> _What to work on_
Everything from the line holding "4/8/16/24pcs Pegatinas Antideslizantes" through the last line below must be repeated exactly, and nothing else.

> _Study material_
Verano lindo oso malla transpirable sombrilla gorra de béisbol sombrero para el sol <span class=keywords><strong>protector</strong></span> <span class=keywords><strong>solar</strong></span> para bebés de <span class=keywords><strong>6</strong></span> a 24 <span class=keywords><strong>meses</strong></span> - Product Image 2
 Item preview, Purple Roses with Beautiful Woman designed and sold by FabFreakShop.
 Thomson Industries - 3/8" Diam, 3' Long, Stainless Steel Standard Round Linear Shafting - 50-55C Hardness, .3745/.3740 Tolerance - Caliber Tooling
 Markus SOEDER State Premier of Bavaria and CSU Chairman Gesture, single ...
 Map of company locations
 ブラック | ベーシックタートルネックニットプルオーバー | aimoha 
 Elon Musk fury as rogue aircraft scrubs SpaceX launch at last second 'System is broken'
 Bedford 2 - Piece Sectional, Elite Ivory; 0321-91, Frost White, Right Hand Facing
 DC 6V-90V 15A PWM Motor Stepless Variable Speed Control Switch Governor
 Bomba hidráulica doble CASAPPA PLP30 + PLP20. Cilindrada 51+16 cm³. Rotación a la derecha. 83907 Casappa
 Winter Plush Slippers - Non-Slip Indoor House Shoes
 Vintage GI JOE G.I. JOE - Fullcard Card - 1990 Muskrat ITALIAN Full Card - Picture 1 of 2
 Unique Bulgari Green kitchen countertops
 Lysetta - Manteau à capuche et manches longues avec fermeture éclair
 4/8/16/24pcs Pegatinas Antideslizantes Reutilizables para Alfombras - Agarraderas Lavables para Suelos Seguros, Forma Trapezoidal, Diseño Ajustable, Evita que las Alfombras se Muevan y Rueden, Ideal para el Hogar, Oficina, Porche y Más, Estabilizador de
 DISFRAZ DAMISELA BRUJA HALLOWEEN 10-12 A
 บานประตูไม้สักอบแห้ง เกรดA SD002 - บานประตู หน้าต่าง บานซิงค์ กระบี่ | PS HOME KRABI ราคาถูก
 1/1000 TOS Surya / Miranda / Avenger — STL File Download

> _Solution_
 4/8/16/24pcs Pegatinas Antideslizantes Reutilizables para Alfombras - Agarraderas Lavables para Suelos Seguros, Forma Trapezoidal, Diseño Ajustable, Evita que las Alfombras se Muevan y Rueden, Ideal para el Hogar, Oficina, Porche y Más, Estabilizador de
 DISFRAZ DAMISELA BRUJA HALLOWEEN 10-12 A
 บานประตูไม้สักอบแห้ง เกรดA SD002 - บานประตู หน้าต่าง บานซิงค์ กระบี่ | PS HOME KRABI ราคาถูก
 1/1000 TOS Surya / Miranda / Avenger — STL File Download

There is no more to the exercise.